Pausania non ne parla, della montagna in forma di sfinge, e questo sicuramente perché lui seguiva la strada sottocosta, a causa della pericolosità di quella nella palude, e da quel punto di vista non si vede né la testa umana né quella di leonessa. Del resto, nessuno gliene aveva parlato, probabilmente perché il culto della montagna sacra si era perduto da più di un millennio ed era stata tramandata solo la storia della sua demonizzazione. Il ricordo, cioè, che era esistita una dea dal corpo mostruoso che difendeva i confini di Tebe, ma il cui culto non esisteva più perché essa era malvagia e comunque nemica degli stranieri.
Ancora un particolare: la Sfinge era stata moglie di Cadmo, segno che lei era stata la regina di Tebe e la sua divina Protettrice.

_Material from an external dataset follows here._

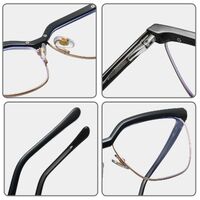 TR90 plastic frame or glasses with blue light protection, with spring hinges FA87282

E se Onca e Cadmo erano fenicio-egiziani, anche lei un po’ lo era.

Nel mio dipinto, ho umanizzato anch’io la montagna, ma non ne ho riprodotto l’aspetto reale (doppia testa umano-leonina e ali d’aquila), né l’ho rappresentata con l’icona classica che tutti conosciamo (testa umana, corpo di leone, ali di rapace), perché l’ho voluta effigiare all’egiziana (la dea egizia Sekmet aveva corpo di donna e testa di leonessa) e con ali d’uccello, come una dea delle altezze che guarda dal cielo la sua città prediletta e la protegge. Ho alluso all’abitato preistorico di Tebe con il cerchio crociato, in basso a destra, perché questo era il geroglifico egizio per “città”. E d’altronde, questa era davvero la forma delle
più antiche città del mondo: un cerchio di mura e due strade principali che si incrociavano al centro.